H.Ç: Aslında çocukken sinemaya, tiyatroya, gitmeyi severdim. Çok arkadaşım vardı, kitaplara şiirlere sevdalıydım. Düşünüyorum da çocukken çok sosyal biriydim, babam ise içine dönüktü, kapalı bir dünyası vardı. Diğer kardeşlerim babamın dünyasının içine girdiler. Ben ise şiddetle, baskıyla yalnızlaşmaya başladım. Babam, annemi, kardeşlerimi dış dünyadan koparıp eve mahkûm ederek yalnızlaştırmaya başladığında ben de kendimi dış dünyaya kapatıp içime döndüm. Yalnızlaştığımda artık arkadaşlarım da dostlarım da şiirler hikayeler ve yaptığım resimlerdi. Kendimi resimlerle ifade ediyor, şiirlerle, hikayelerle anlatıyordum. İnsanlardan kaçan, hayvanları çok seven yalnız biri olmuştum.
“MEĞER FARKINDA OLMADAN İNSANLARIN YÜREKLERİNE DOKUNUYORMUŞUM”
Okurlardan geri dönüşler nasıl oldu?
H.Ç: Çocukken yalnızlaştığımda insanlardan kaçıyordum, hayvanlara sığınıp onları çok sevdiğimi söyledim ya meğer ben bir tek hayvanları değil insanları da çok seviyormuşum ki o insanların farkında bile olmadan yüreklerine hayatlarına dokunuyormuşum.
İlk okurum yazılarımın düzeltmesini yapan İzmir'de yaşayan Şey Kitap’ın Genel Yayın Yönetmeni Önder Birol Bıyık, bana telefon açarak ‘Mersin'e gelip seninle tanışmak istiyorum, yaşadıkların beni çok etkiledi’ dedi. Yine İstanbul'da kitabımı okuyan bir hanım ‘Yaşadıklarını birebir ben de yaşadım. Sen çocukluğunda babanın yaptıklarından dolayı bunları yaşamışsın. Ben ise senin çocukken yaşadıklarının aynısını evliliğimde yaşadım” dedi. Babamın yaşadığı kişilik bozukluğunun adının narsisizm olduğunu söyledi. Başka birçok okur bana ulaşarak, ‘Çığlık’ romanımdan çok etkilendiklerini, çocukken yaşadıklarım karşısında duygulandıklarını dile getirdi.

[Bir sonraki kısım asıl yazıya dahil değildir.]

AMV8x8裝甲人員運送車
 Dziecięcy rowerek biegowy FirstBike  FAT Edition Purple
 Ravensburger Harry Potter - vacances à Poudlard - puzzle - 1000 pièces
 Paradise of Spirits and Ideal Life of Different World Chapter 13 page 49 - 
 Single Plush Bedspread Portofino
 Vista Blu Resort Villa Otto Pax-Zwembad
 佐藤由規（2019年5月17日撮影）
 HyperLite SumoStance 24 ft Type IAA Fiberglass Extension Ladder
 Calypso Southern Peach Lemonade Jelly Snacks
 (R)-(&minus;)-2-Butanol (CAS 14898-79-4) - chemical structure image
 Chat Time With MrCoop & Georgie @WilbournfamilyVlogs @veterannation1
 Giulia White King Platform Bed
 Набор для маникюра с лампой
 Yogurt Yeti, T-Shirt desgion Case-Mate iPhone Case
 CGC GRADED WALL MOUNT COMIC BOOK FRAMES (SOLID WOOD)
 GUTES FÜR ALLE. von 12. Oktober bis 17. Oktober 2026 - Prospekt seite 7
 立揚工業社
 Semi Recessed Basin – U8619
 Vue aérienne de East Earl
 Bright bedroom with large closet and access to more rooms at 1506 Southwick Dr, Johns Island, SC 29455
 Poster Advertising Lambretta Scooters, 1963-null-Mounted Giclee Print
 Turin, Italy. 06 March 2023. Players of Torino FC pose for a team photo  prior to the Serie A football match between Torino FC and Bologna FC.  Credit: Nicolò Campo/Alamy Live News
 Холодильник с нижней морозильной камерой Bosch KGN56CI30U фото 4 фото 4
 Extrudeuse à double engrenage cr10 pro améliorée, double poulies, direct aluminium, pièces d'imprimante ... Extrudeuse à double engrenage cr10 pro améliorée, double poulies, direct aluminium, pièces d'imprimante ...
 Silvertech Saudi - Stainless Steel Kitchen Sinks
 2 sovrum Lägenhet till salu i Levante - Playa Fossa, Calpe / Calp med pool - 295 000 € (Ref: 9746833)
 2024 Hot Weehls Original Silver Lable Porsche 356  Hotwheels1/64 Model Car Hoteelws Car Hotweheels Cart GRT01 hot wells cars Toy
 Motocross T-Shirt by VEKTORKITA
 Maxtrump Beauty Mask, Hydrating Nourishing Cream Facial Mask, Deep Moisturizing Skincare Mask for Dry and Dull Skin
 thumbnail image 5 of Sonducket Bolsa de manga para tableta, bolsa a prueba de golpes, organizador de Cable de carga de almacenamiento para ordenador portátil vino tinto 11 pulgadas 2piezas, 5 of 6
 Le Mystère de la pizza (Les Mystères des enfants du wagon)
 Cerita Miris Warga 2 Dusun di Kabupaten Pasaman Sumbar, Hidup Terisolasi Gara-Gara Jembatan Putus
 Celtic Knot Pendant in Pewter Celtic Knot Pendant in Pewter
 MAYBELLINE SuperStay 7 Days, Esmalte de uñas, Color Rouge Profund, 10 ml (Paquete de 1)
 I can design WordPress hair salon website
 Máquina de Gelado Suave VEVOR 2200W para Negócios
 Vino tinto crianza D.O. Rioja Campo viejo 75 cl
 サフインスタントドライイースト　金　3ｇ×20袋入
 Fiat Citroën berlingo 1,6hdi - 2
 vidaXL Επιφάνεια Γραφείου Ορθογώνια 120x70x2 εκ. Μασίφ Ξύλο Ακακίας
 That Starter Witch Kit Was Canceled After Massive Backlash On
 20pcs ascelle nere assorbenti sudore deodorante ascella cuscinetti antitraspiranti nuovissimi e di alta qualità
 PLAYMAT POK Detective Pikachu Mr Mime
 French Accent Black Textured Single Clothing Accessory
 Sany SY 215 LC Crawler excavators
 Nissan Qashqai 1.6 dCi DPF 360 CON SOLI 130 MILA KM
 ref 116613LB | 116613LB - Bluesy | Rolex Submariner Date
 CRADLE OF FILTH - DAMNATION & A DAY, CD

Yeni kitap projeleriniz olacak mı?
H.Ç: Bir hikâye ve bir şiir kitabının hazırlıkları tamamlandı. Şu an Şey Kitap Genel Yayın Yönetmeni Önder Birol Bıyık tarafından okunup düzeltilmesi yapılıyor. İkisi de arka arkaya Eğiten Kitap yayınlarından yakında çıkacak.